You will have found it difficult to miss the budget on 18th March, when George Osborne set out his final budget before the General Election in less than six weeks’ time. You will have seen many a summary by now, but here are the most salient points:
Income Tax & Capital Gains Tax
-The personal allowance will rise to £10,600 on 6th April, then to £10,800 in 2016 and £11,000 in 2017.
-A spouse or civil partner who is not liable to pay Income Tax can pass 10% of their personal allowance (£1,060) to their spouse if they are a basic rate tax payer – saving £212 in Income Tax.
-The Chancellor proposed to scrap the annual tax return and to have in its place a digital tax system which will streamline our tax affairs – this will be implemented over the next Parliament.
-From 6th April 2016 basic rate tax payers will be able to receive £1,000 in savings income before tax is deducted. For higher rate tax payers this will be £500.
-The Capital Gains Tax allowance will be increased to £11,100 for individuals and £5,500 for trusts.
-The Inheritance Tax threshold has been frozen at £325,000 until 2017/2018.
-Deeds of Variation will be reviewed to ensure they do not encourage IHT avoidance.

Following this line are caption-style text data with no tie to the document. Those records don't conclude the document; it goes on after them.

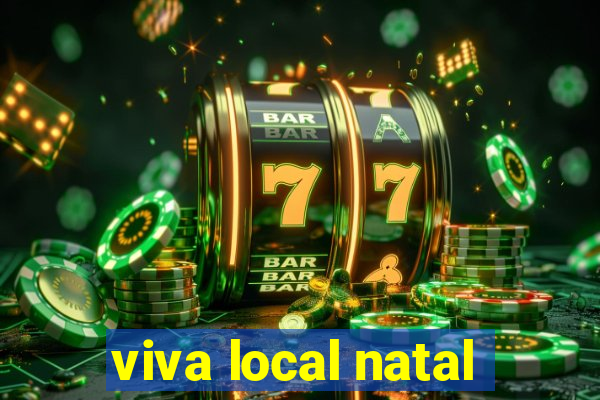 viva local natal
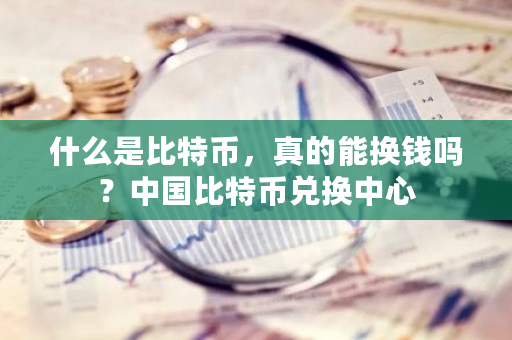 什么是比特币，真的能换钱吗？中国比特币兑换中心-第1张图片-ZBLOG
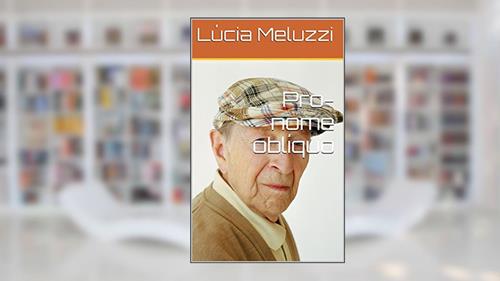Capa de Pro-nome oblíquo, do autor Lúcia Meluzzi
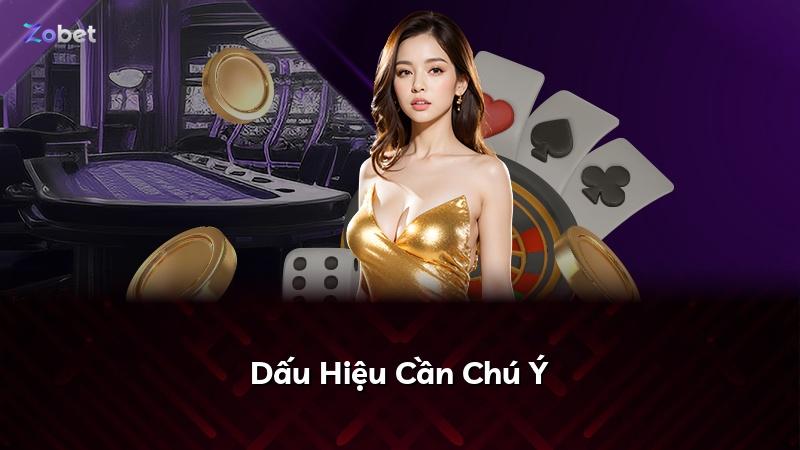 Dấu Hiệu Cần Chú Ý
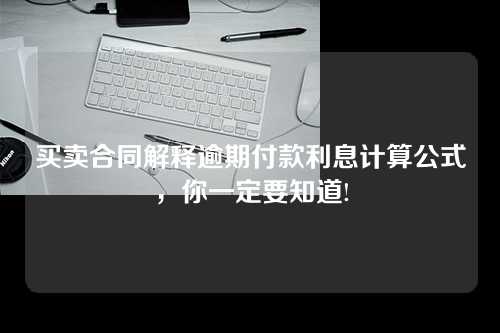 买卖合同解释逾期付款利息计算公式，你一定要知道!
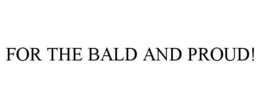 FOR THE BALD AND PROUD! trademark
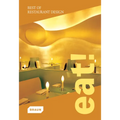 Eat! Best of Restaurant Design - Hardcover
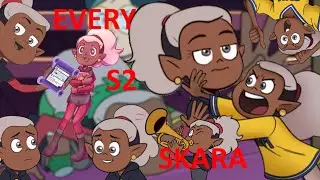 (TOH) Spoilers! EVERY Skara Moment in Season 2 of The Owl House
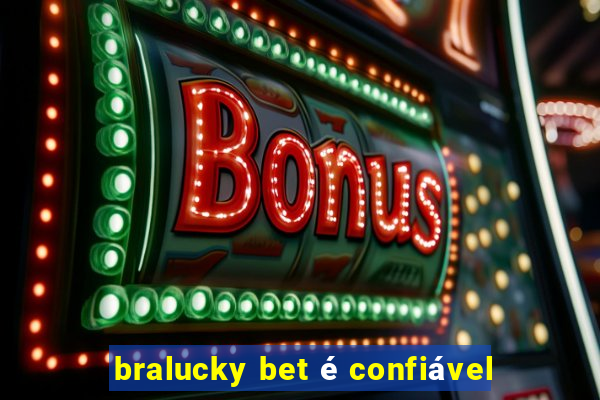 bralucky bet é confiável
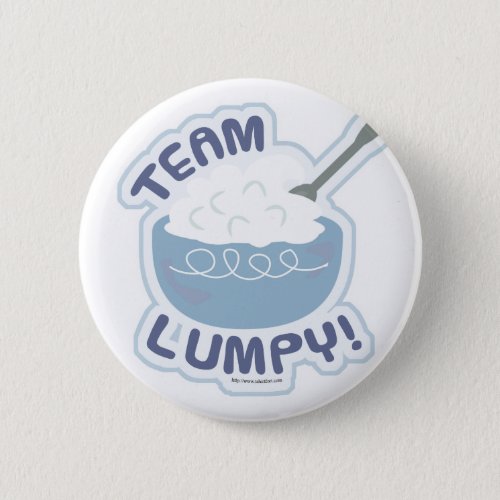 Team Lumpy Mashed Potatoes Pinback Button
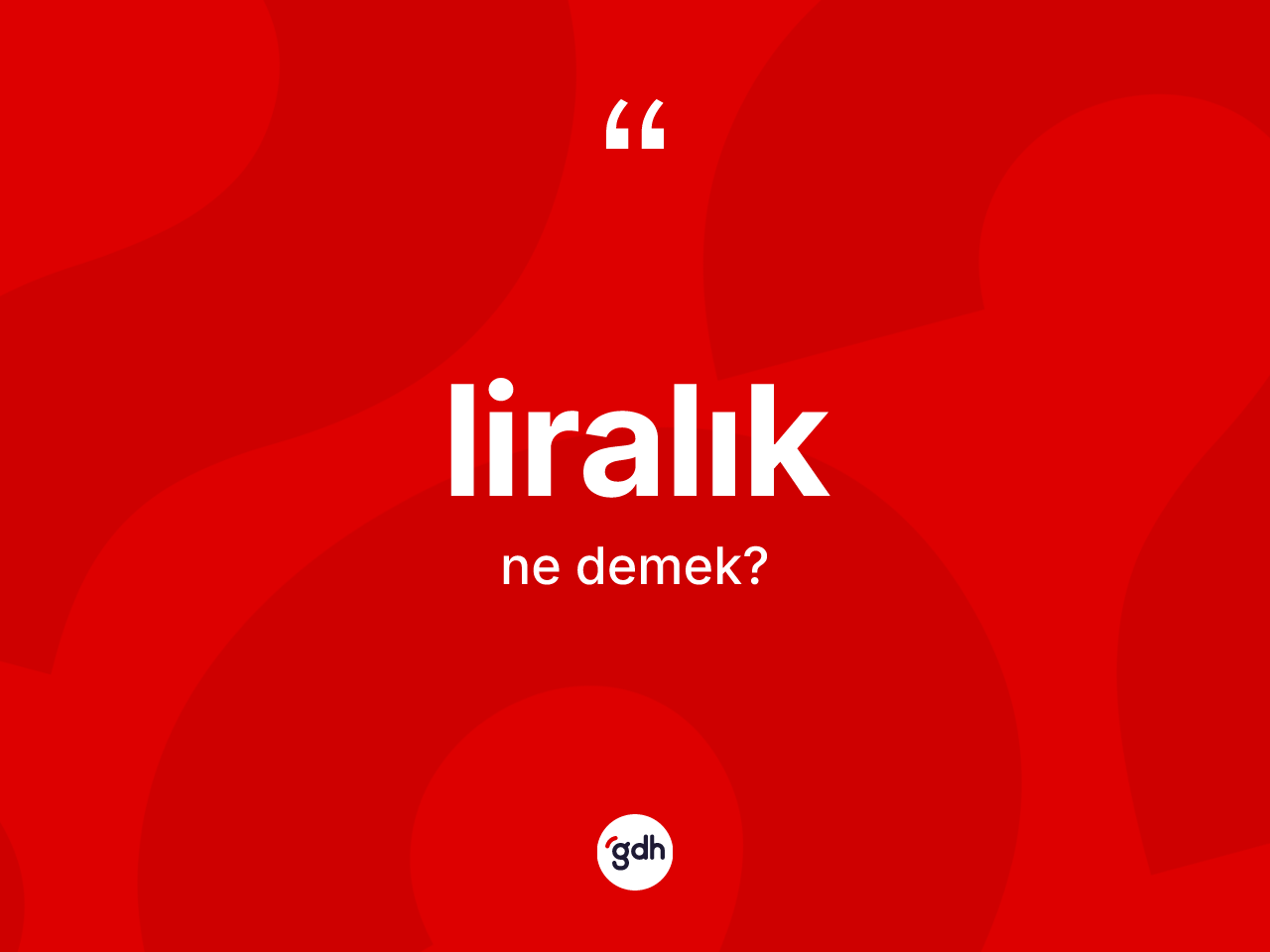 Liralık kelimesinin sözlükteki tanımı nedir? Liralığın halk arasındaki kullanımı nasıldır?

-The amount you can save into a pension will be limited to £1million from 6th April 2016. It will then increase annually in line with the CPI from 6th April 2018.
-From April 2016 the government will remove the restrictions on buying and selling annuities, so that the 55% tax will not apply. Instead, an individual’s marginal rate of tax will be applied if selling on their annuity.
-Drawdown pensions will become Flexi-Access pensions, with no limit on the amount of income that can be drawn. Any income drawn will be taxed at the recipient’s highest marginal rate of income tax.
-The annual allowance will increase to £15,240 for the new tax year. For Junior ISAs it will be £4,080.
-Savers will now be able to withdraw and then replace money in their Cash ISAs without using or going over their annual allowance, providing the withdrawal and replacement are made within the same tax year.
-A new ‘Help to Buy’ ISA was announced to assist first-time buyers to save towards their first property purchase. For every £200 saved by an individual, the government will add £50. This will be by way of a bonus when a property is purchased and will be limited to £3,000 per person. New accounts will be available for 4 years, but once opened there is no limit on how long the account can be held. The bonus will be available on houses up to £450,000 in London and £250,000 outside London. They will be available from Autumn 2015.
-ISAs can be inherited by a spouse or civil partner on deaths occurring after 4th December 2014.
There were no great surprises or ‘rabbits pulled out of the bag’ by the Chancellor in the budget; it was relatively safe as far as budgets go. We can only wait to see how much of it will be implemented in April 2016, after the General Election.